Fast sincos routine

C

CBFalconer

Paul said:
.... snip ...

Why this is all in comp.lang.c is beyond me, however I would like
to point out the following:

if (a < 0) a = -a;

does *NOT* necessarily force the integer variable a to be
non-negative (see if you can figure out how/why). ... snip ...

however

if (a > 0) a = -a;

will force it to the range INT_MIN .. 0. Thus this is the proper
operation when translating to text and extracting signs. The
result can now be fearlessly converted into an unsigned.
 
L

Larry Doolittle

however

if (a > 0) a = -a;

will force it to the range INT_MIN .. 0. Thus this is the proper
operation when translating to text and extracting signs. The
result can now be fearlessly converted into an unsigned.

And what then? That unsigned number cannot be twiddled
to represent the absolute value, according to pete
([email protected]), who comes up with the example
UINT_MAX == 65535
INT_MIN == -65536
CHAR_BIT == 16
INT_MAX == 65535
sizeof(unsigned) == 2
sizeof(int) == 2
and the generaliziation "unsigned isn't guaranteed to be
able to represent the magnitude of INT_MIN."

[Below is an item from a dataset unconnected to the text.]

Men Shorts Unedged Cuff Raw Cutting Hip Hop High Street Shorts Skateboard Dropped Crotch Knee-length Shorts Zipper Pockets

I still haven't figured out if this is a purposeful part of
the standard, in order to permit some obscure but extant
implementation, or an unintentional gap -- that should be
closed before the next rev of the DS9000 comes out. ;-)

- Larry
 
P

pete

Larry said:
And what then? That unsigned number cannot be twiddled
to represent the absolute value, according to pete
([email protected]), who comes up with the example
UINT_MAX == 65535
INT_MIN == -65536
CHAR_BIT == 16
INT_MAX == 65535
sizeof(unsigned) == 2
sizeof(int) == 2
and the generaliziation "unsigned isn't guaranteed to be
able to represent the magnitude of INT_MIN."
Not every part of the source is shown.